Bev Harbin wanted it too much.

Harbin wanted be a state representative so badly that she was willing, by her silence about a tax lien and misdemeanor convictions for writing bad checks, to mislead Gov. Linda Lingle - the one person with the power to give her the empty desk of 28th House District Rep. Ken Hiraki.

Too bad.


Harbin would have been better off running for the office. Voters can be forgiving; like Harbin, they have trouble with taxes, with landlords, with tough times in their lives. And voters like scrappers; in a peculiar way, Harbin’s unwillingness to resign demonstrates the kind of bull-headedness that sometimes fares well in the Legislature.

There’s more to the story, of course. In making the Harbin appointment, Lingle and her people were undoubtedly thinking about elections themselves. Last November the Republicans almost beat Hiraki in the 28th. The GOP’s candidate was young Collin Wong, a hardworking campaigner who walked and waved his way to within 153 votes of upsetting Hiraki. Indeed, the closeness of the November election may have been one of the reasons Hiraki decided to seek other employment.

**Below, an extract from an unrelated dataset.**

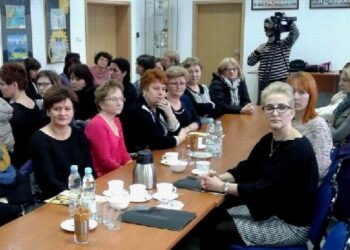 Kolbuszowa: Pielęgniarki i położne walczą w starostwie o podwyżki.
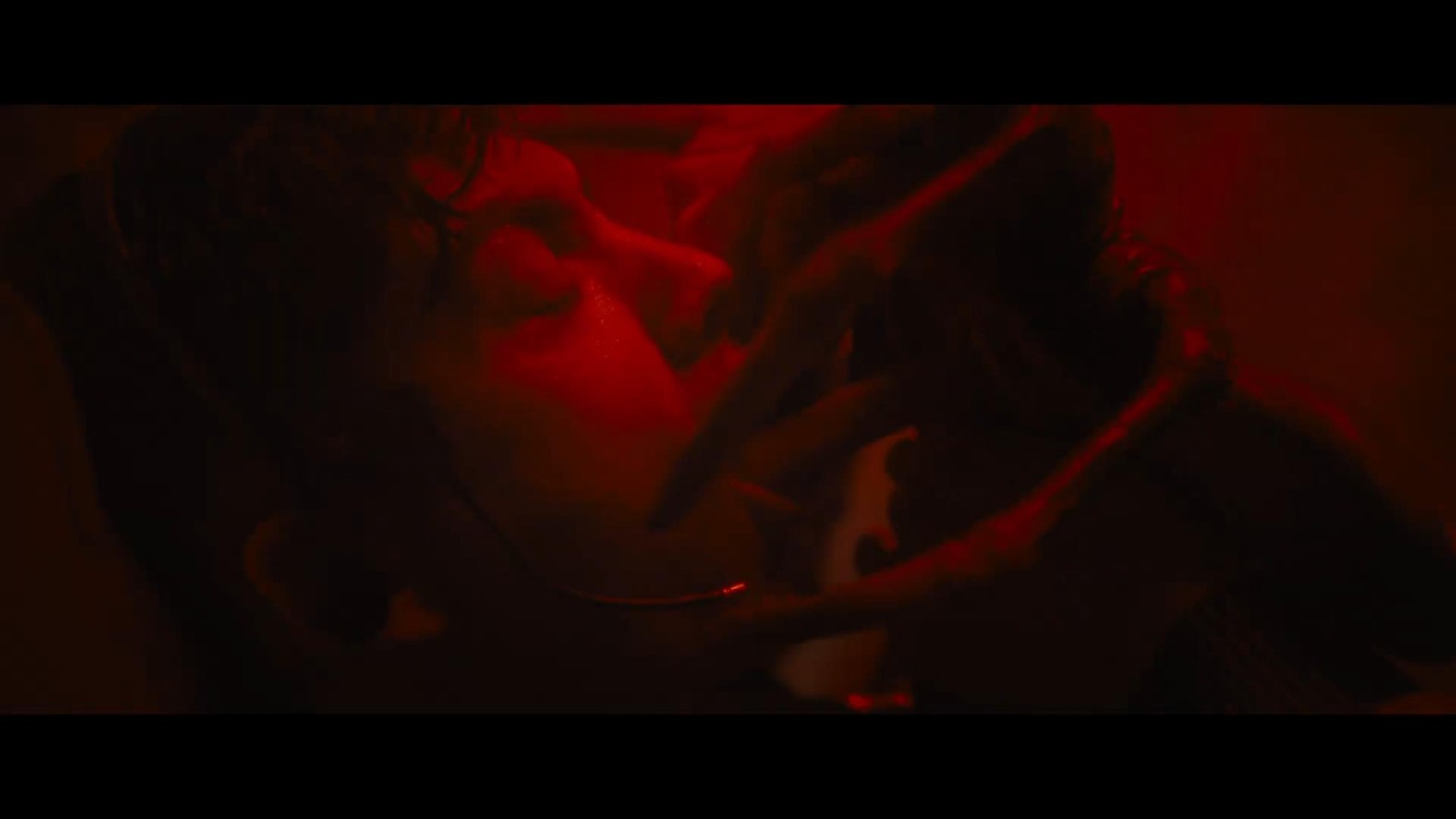 科幻恐怖电影《异形：夺命舰》最新预告：狭路相逢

Gov. Lingle chose to ignore a slate of four possible appointees suggested by the Democratic Party. Instead, she picked Harbin, an unsuccessful small-businesswoman who signed a Democratic Party card three days after Hiraki resigned his office. In choosing Harbin, Lingle said she wanted a small-business advocate in the post.

I’m sure she did. But I’m also sure that the weakness of Harbin, a three-day Democrat with little support in her adopted party, in a race against Republican Wong in November 2006 must have crossed Republican Lingle’s mind.

Nothing wrong with entertaining such a thought. It’s just good politics, and such thoughts have certainly been entertained by Hawaii governors with the letter “D” after their names.

But good politics, poorly executed, can come back to bite you in the ... well, you know where. And that’s why the good governor and her estimable aide Bob Awana, vetting-officerin-charge of the Harbin appointment, are now rubbing their behinds.

All right, all right. A lot of people look bad. Poor House Majority Leader Marcus Oshiro will have to look at that video clip of him draping a lei on the new Rep. Harbin for a long time to come. And House Speaker Calvin Say will be choking on his initial words of welcome for the new Democratic lawmaker.

But it’s the system that stinks and it’s the law that ought to be changed. Every time someone dies in legislative office or resigns for any reason at all, a special election should be held to fill the vacancy.


As I word-processed the last sentence, I could hear one of my 11 regular readers saying: “There he goes again - a tax-and-spend liberal who wants to waste taxpayer dollars for an itty-bitty House seat to be occupied for 14 months.”

You bet I am. Democracy doesn’t come cheap, and elected legislative offices aren’t meant to be places with which governors play politics. District voters are supposed to play politics with those seats; no one else. That’s the way the national House of Representatives works (Remember Ed Case’s two campaigns for the House in 2004?), and that’s the way the state House of Representatives should work as well.

I feel very strongly about this one. For almost two decades in the 1980s and ‘90s, Democratic governors appointed the state representative and state senator in my Pearl City district. A good half dozen community activists who had served tirelessly as members of local PTAs, neighborhood boards and service clubs were shunted aside and a friend of the governor - or a friend of someone close to the governor - got the appointment.

Not fair, not fair, not fair. In each instance, the governor rather than the Pearl City electorate chose Pearl City’s legislator.

Let’s change the law next session. If a legislative vacancy occurs due to resignation, death or imprisonment, hold an election six weeks after the resignation becomes effective.

Under such a system, Republican Collin Wong probably would have won the 28th House District seat this fall.